Discussion in 'MacBook Pro' started by fish21, Aug 20, 2013.

  1. fish21 macrumors newbie

    Joined:
    Jun 26, 2012
    #1
    I've been using a 15' Retina Macbook Pro since the day it was released and love it. I've been running some very CPU intensive programs for music (i.e.. Ableton Live 9, Logic Pro 10, both with various CPU heavy plugins) with no problems other than the computer getting hot during long sessions.

    Anyways, a lot of the time, I use my rMBP with an external monitor (27in Samsung HD monitor) with the laptop closed for long periods of time (4-8 hours). While I'll hear the fan come on somewhat regularly and will get the occasional CPU spikes.

    I'm using Logic 10 now and my workflow would REALLY benefit from the use of dual monitors and would like to purchase a second Samsung monitor.

    My questions:

    1. Would running the rMBP closed with 2 external monitors with a pretty CPU intensive program like Logic 10 running overload my laptop and cause any damage? I've already been doing this with one monitor - so would adding a second monitor in the mix add significant strain on the computer? I'm unfamiliar with how much strain an external monitor puts on a rMBP while closed - let alone 2 monitors.

    2. Is there anything I can do to lighten the load when working like this? (ie. keep the computer elevated or anything like that).

    Thanks in advance for any help regarding my questions.

    Specs:

    2.3 GHz Intel Core i7
    8GB Memory, 250GB HD
    Mid 2012 model running the most current OS
     
  2. tgi macrumors 65816

    tgi

    Joined:
    Aug 29, 2012
    #2
    Keeping it elevated definitely helps. Even just slightly (less than a inch) so the vents will have better air flow would help.

    Would you consider a cooling pad? People have mixed opinions on them.
     
  3. dylin macrumors 6502a

    dylin

    Joined:
    Jun 10, 2010
    Location:
    California
    #3
    Like tgi mentioned, keep it elevated to guarantee that it will receive adequate airflow. Keeping it close shouldn't be an problem, but if you do want it closed, i suggest that you have the rear vents pointed upward on a stand.
     
  4. ntrigue macrumors 68040

    ntrigue

    Joined:
    Jul 30, 2007
    #4
    Obviously we purchase Apple products so we don't have to be anxious about the above behavior. That said I have little lifts that raise the rMBP and use a small fan when folding as an added measure.
     
  5. fish21 thread starter macrumors newbie

    Joined:
    Jun 26, 2012
    #5
    Thanks for the replies guys, they're much appreciated. I've got a BookArc I'm using to both clear desk space and give it adequate air flow.
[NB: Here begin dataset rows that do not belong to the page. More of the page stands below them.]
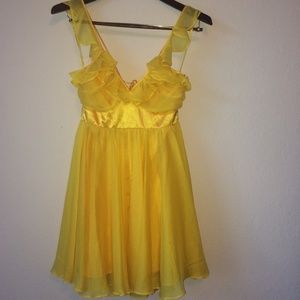 WALTER BAKER Yellow Ruffle dress Sz Small NWT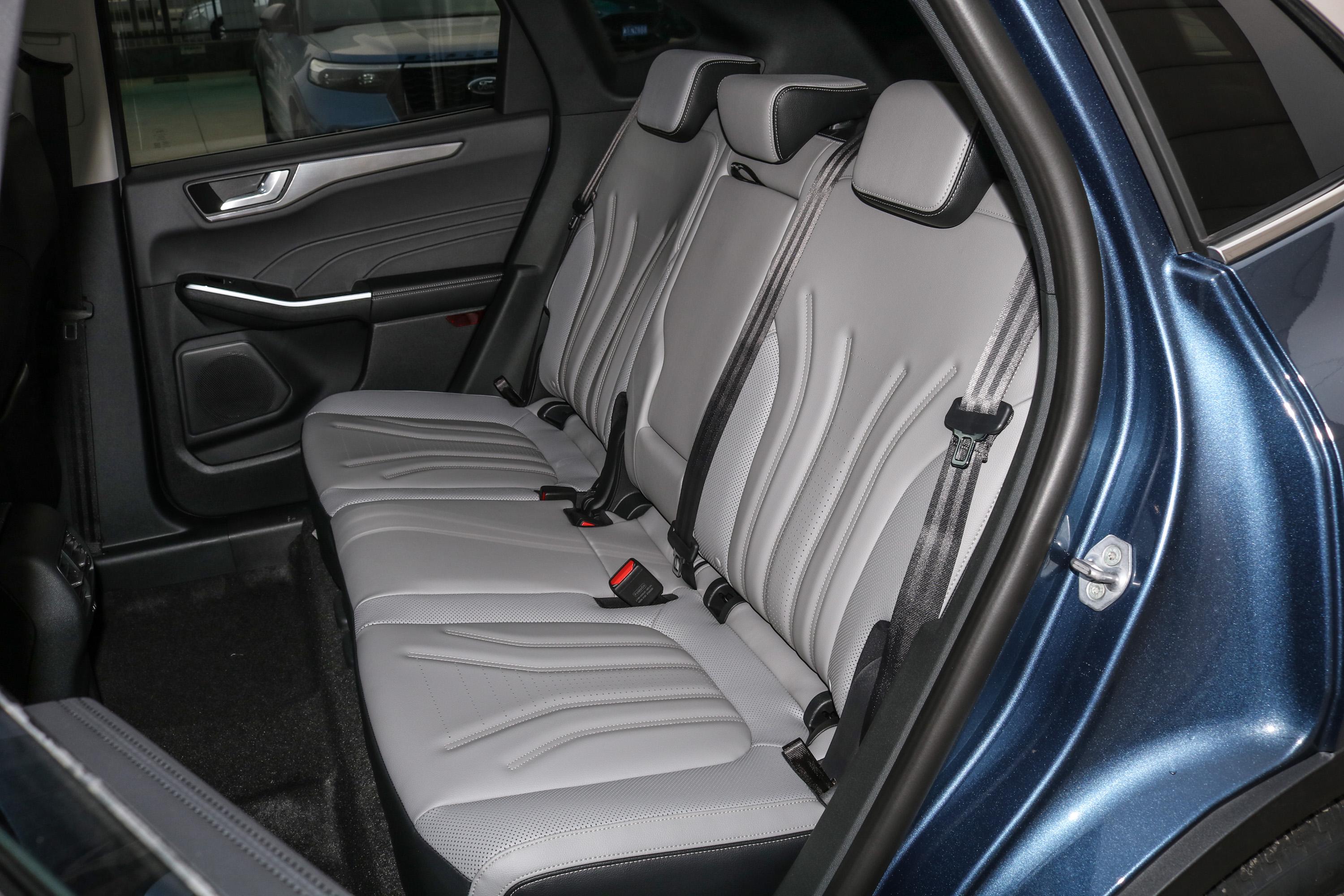 2020款 锐际 ecoboost 245 两驱 耀享款空间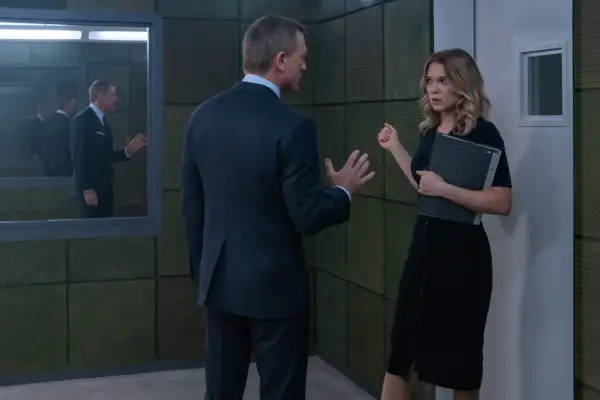 James Bond (Daniel Craig) in discussion with Dr. Madeleine Swann (Léa Seydoux) in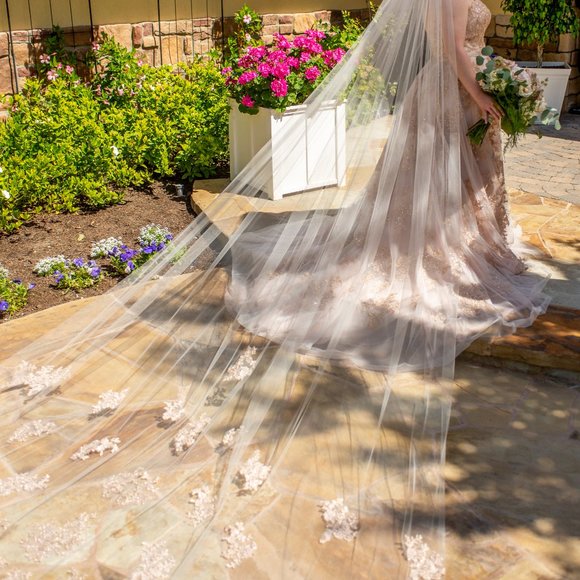 Dramatic wedding veil main image 4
    With the other part of my question in mind though - does anybody see an immediate problem with me running two external monitors with the laptop closed and running a semi CPU intensive program like Apple's Logic Pro 10?

    Thanks again in advance =)
     
  6. zipur macrumors 6502

    Joined:
    Mar 3, 2011
    Location:
    The great state of Texas
    #6
    Although there have been many post stating there is no need to worry because the system will shut itself down before any damage is inflicted. I use this baby, I'm sure there are better and more expensive but this works for me. the stand lifts my rMBP to the top of my HP220h screen (eye level). It plugs into a USB port with powers the fan. In return the stand has four 2.0 USB port in the rear so you don't loose connectivity. By the way the two fans on the stand run very very quiet I don't even hear them, I have to put my hand behind them to feel the air flow.

    LINK HERE
    [​IMG][​IMG]
     
  7. leman macrumors 604

    Joined:
    Oct 14, 2008
    #7
    No strain at all. Its just a monitor ;)

    The only way to lighten the load is not to use computation-intencive applications. Just make sure the machine gets good airflow (e.g. no vents are obstructed), and you should be fine.

    P.S. If you are doing intensive work and your machine is mostly stationary, consider getting a desktop instead.